指定した位置へ、ほぼ瞬間的に移動する術式。
見た瞬間、さっきまで胸に引っかかっていたものが、別の方向へ跳ねた。
「何これ」
声が出た。
「めっちゃええやん」
『あら』
イスシアが、すぐに食いついた。
『それ、失敗したら壁と仲良うなるやつやねぇ』
「やめろや」
『床とも仲良くなれるわよ。運が悪ければ、机とも』
「どれも友達にしたないわ」
マイルズが頁を覗き込む。
「……それを見つけましたか」
「その反応、絶対おもろいやつやん」
「危険な術式です」
「ほら、おもろいやつやん」
「神い様」
その時だけ、マイルズの声から薄い苛立ちが消えた。
「これは、ただ速く動く術式ではございません。まず身体を衝撃耐性の薄い膜で包みます。その上で、エネルジアによって肉体そのものを目的点へ引く。
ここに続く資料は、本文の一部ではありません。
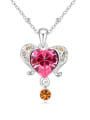 thumb Fashion austrian Crystals Heart Alloy Platinum Plated Necklace 1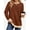 Caramel Apricot, variant on UVN Sweatshirts for Women Casual Long Sleeve Shirts Loose Fit Pleated Front Crewneck Tunic Tops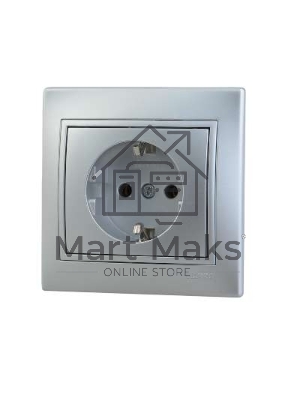 Розетка 1-м СП Мира керам. с заземл. метал. сер. Lezard 701-1010-122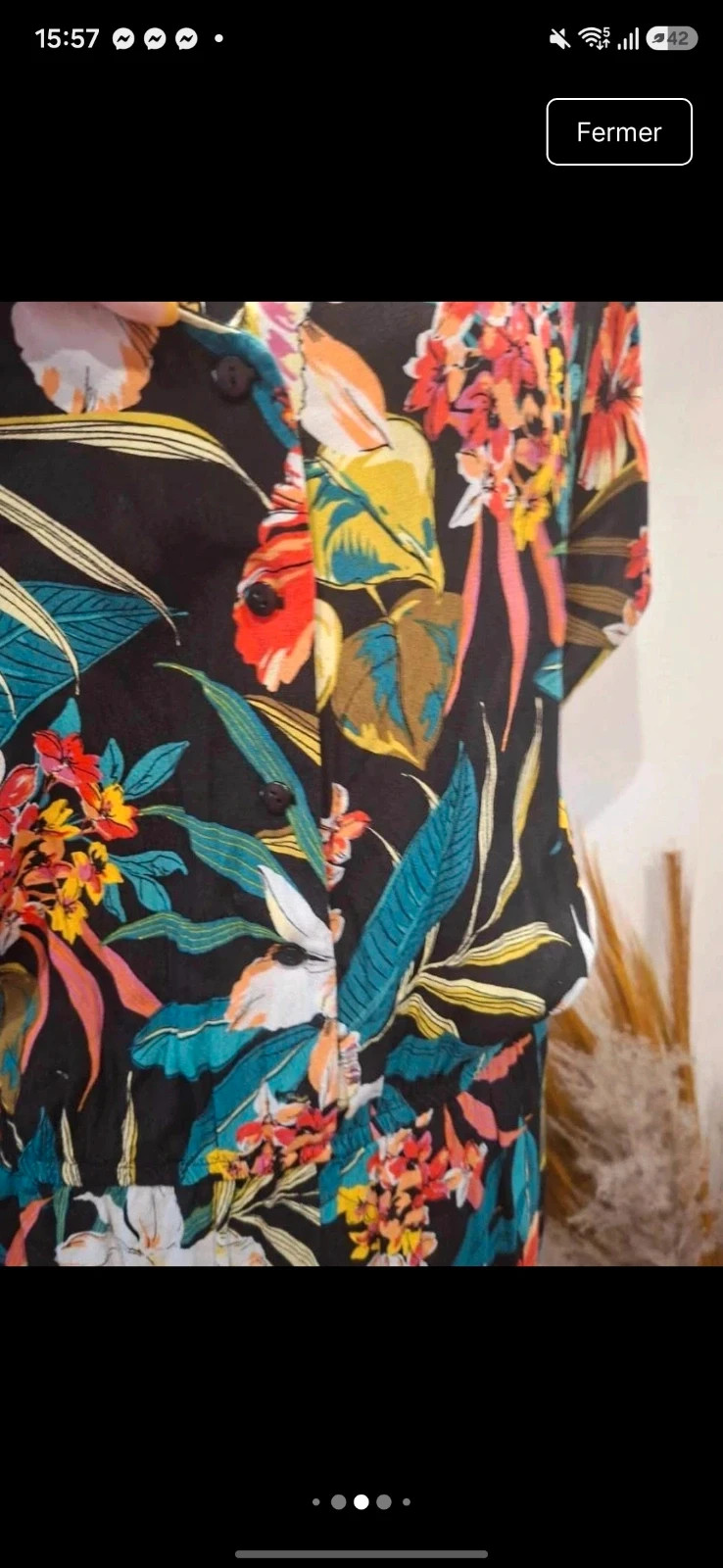 Combi-short fleurie Promod Motif tropical / floral (Très bon état) – Promod – taille M / 38 / 10 5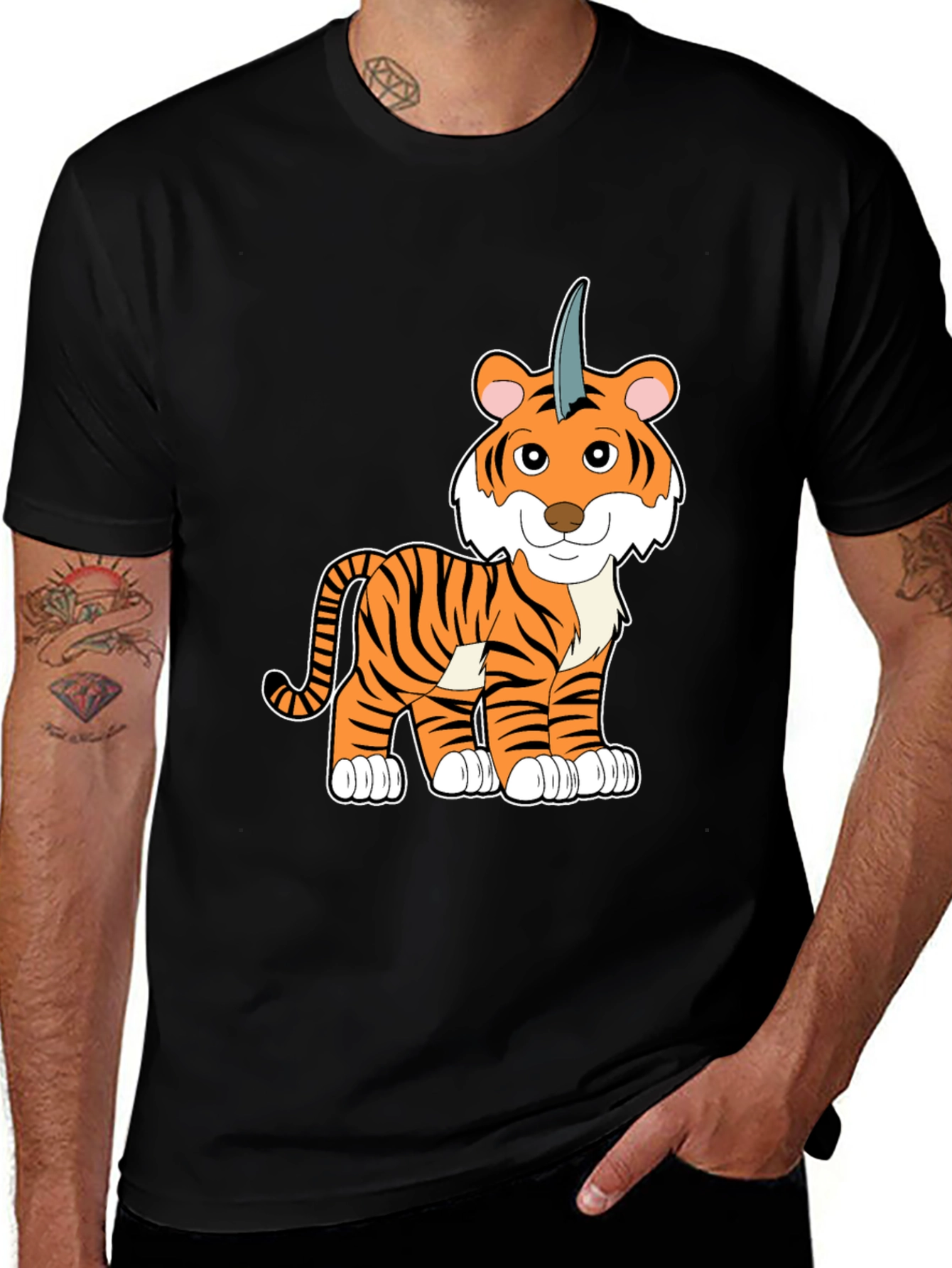 Unicorn Tiger Cartoon Black T-shirt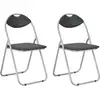 Image de Chaises Pliantes À Manger Lot De 2 Noir Similicuir Vidaxl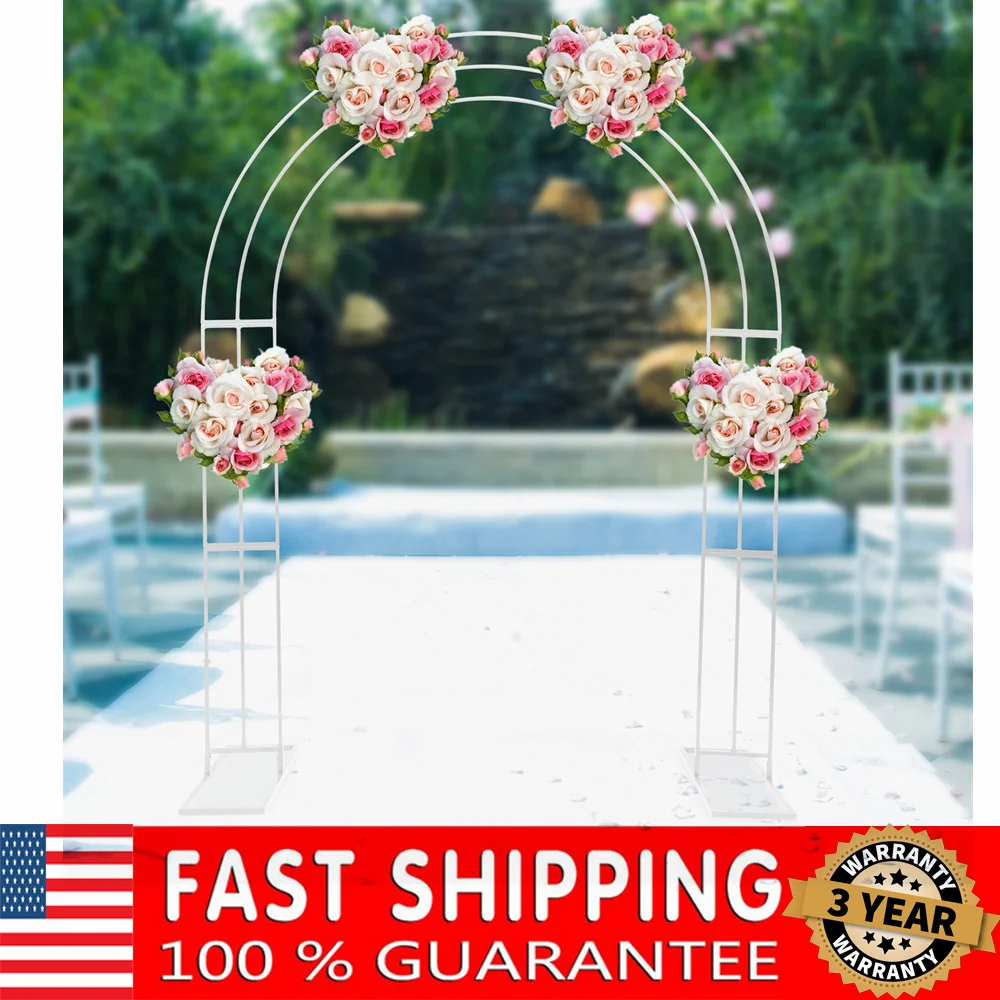 

8.53Ft Metal Wedding Garden Arch Trellis Heavy Duty Backdrop Balloon Archway Decoration Stand with Indoor Outdoor Party Ceremony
防御と移動を同時に行わなければ、着地時に身体が負けます」
「つまり?」
「先に守らなければ、移動先で壊れます」
「急にわかりやすいな」
わかりやすいけど、怖い。
自分を引っ張る。
身体を丸ごと、見えへん手でぐいっと目的地へ持っていく。
かっこいい。
めちゃくちゃかっこいい。
でも、失敗したら壁にベチャッといく未来も、かなり見える。
うちは茶色い補助外套を見下ろした。肘に引っかかったまま、今日も見た目だけ殺している。
ダサい。
重い。
でも、今から壁に会うかもしれんと思うと、急に頼もしい顔し始めるから腹立つ。
「……これ、やる」
「推奨はいたしません」
「じゃあ何で本に載せとんねん」
「載っているものすべてを初日に試すためではございません」
「でも載っとる」
「神い様」
マイルズの声が、また硬くなる。
「一度だけです。条件はこちらで制限します。距離は半歩。速度も落とします。失敗した場合は、即座に中止します」
「半歩て。夢ないな」
「夢より骨を優先してください」
正論や。
正論って、だいたい腹立つ。
気むうが、少し離れた場所からこっちを見ていた。
「……神い」
「何」
「外套」
「わかっとるわ。着るわ」
「ちゃんと」
「うるさいなあ」
うちは渋々、茶色い補助外套を肩へ戻した。
戻した瞬間、見た目のやる気が三段くらい死んだ。
でも、捨てる勇気はない。
ほんま、最悪の信頼関係やな、これ。
マイルズが床に小さな印を二つ置いた。
今いる場所。
半歩先。
たったそれだけ。
たったそれだけやのに、胸の奥がざわつく。
『やるなら、綺麗にやりなさいな』
イスシアが言う。
『半端な移動ほど、見苦しいものはないわ』
「怖い応援やめろ」
うちは息を吸った。
皮膚の外に、薄い膜を探す。
肩。腕。脚。
外套の下。
身体の輪郭ぜんぶ。
守る。
それから、半歩先へ。
引く。
「……行くで」
引いた。
半歩。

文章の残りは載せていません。